# Roku



## nova (Apr 30, 2006)

So, I was in Best Buy this afternoon hoping to pick up a Blu-ray of Close Encounters of the Third Kind for $14.99. Unfortunately they were sold out. I did see they had the Roku XD for $79 and I almost came home with one. Anyone have one? Thoughts? I know my new MacBook Pro will do what I want, but I'm curious if the Roku will make things easier.


----------



## koyaan (Mar 2, 2010)

I have one that I use for streaming Netflix movies and viewing my photos from Facebook. I've been quite happy with it. It's no high end device, but it seems pretty robust.


----------



## nholmes1 (Oct 7, 2010)

I've installed many roku units, all the way back to when they were just called the "netflix streamer". They have made some nice improvements over time and its an easy to use interface. Enjoy!


----------



## artinaz (Jul 31, 2008)

Roku is definitely a great device. However there are multiple options out there. Most blu-ray player nowadays will have netflix, blockbuster express etc- so would you need a roku separately at all ? then there is the appletv- great interface, wdtv live, boxee box, google tv.

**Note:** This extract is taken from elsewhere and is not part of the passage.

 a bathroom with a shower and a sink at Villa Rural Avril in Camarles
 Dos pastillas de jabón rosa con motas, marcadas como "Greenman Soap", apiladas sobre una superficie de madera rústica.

It depends on what online streaming services you would like to access.


----------



## nova (Apr 30, 2006)

I'm plenty happy with my Blu-ray player, unfortunately I purchased the model right before they began to support Netflix. Still...not looking to upgrade the DMP-BD80.
My MacBook Pro will, I do believe, take care of just about anything. I'm just curious if there is any advantage to a Roku unit? I'm thinking about all I would use it for is Pandora and Netflix. The laptop moves around quite a bit so I have to move the Magsafe Power adapter and HDMI/Thunderport adapter etc. The Roku I could just set it up where I wanted it and leave it. Other than that, is there really any advantage over the laptop?


----------



## nholmes1 (Oct 7, 2010)

Power consumption? That's about all I can think of.


----------



## Savjac (Apr 17, 2008)

The new Roku devices are the beez kneez in reality. They are stunning for netflix as they have a great "search" feature. They are also great for pandora or a myriad of other channels. 
The best thing about the Roku is no movie parts, none zero zip. The image quality via HDMI is very very good. 
It will not stream itunes without another product, but other than that, it is perfect.


----------